Dieselgate - 50,000 British VW launch lawsuit
Dieselgate - 50,000 British VW launch lawsuit

Legal history could be taking place in the UK as lawyers representing 50,000 Volkswagen car drivers are filing a lawsuit against the German carmaker. These lawyers kicked off the lawsuit last month in London’s High Court and seek to have compensation for what has been dubbed as "dieselgate", the biggest scandal of the car dealer since 2015.

This lawsuit comes after VW agreed to pay up to $25 billion to settle claims of car owners, environmentalists, states, and dealer. They also offered to buy back 500,000 vehicles polluting the US air. 

This has not been done at all in Europe where the car company also faces billions of Euros in claims in the worst business crisis the company has ever faced in its 78-year history. 

According to law firm Slater and Gordon, part of the team filing the lawsuit and representing 40,000 claimers in the UK, Volkswagen deceived people into buying polluting cars that surpassed emissions regulations by installing "defeat devices".  

The carmaker has claimed that they will stand and defend the lawsuit robustly. They claim that there has not been any illegal emissions action and that the situation in the United States was "materially different".

“The vehicles are different, the regulatory environment is different, and the technical measures are different. The affected vehicles in the UK do not cause more pollution on the road than expected,” VW said in a statement.

Volkswagen offered European drivers a software update removing a mode that operated when the cars were experiencing test conditions. However, Slater and Gordon, who represents clients with affected VW, Audi, SEAT, and Skoda vehicles, claimed that the software fix led to mechanical issues. 

The firm said they surveyed more than 11,600 affected car owners who took VW's offer for the fix.

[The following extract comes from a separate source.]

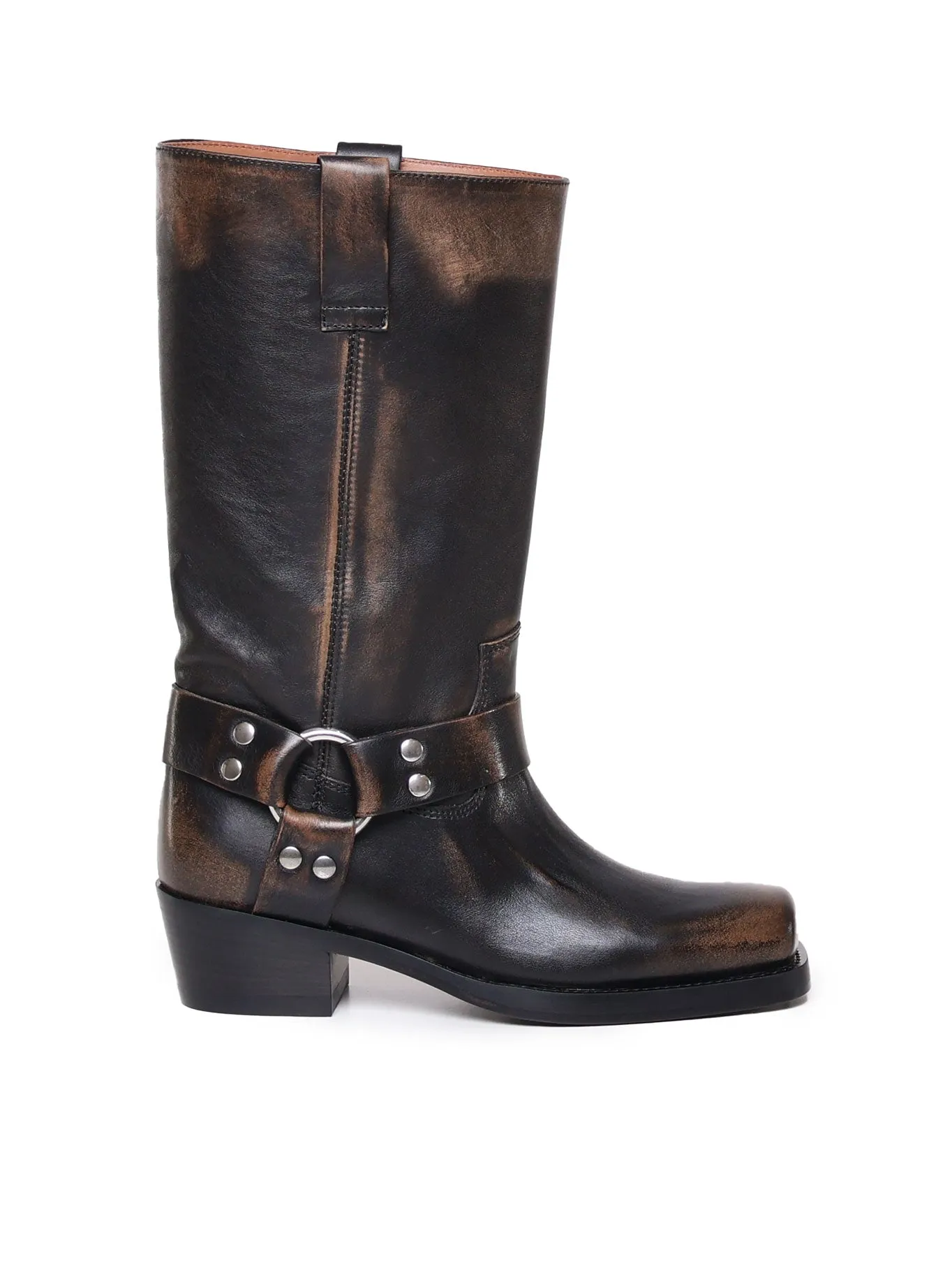 Brown and Black Leather Square Tip Boots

Those surveyed claimed, according to the law firm, that the cars lost power at high speed and, in general, cars "juddered". 

VW replied to this survey by stating that the methodology had not been explained and that allegations were biased by the financial interest that these drivers might have. 

“We have implemented the technical measures in over 840,000 vehicles in the UK and in over 6.4 million vehicles across Europe and the overwhelming majority of customers with these vehicles are satisfied,” VW said.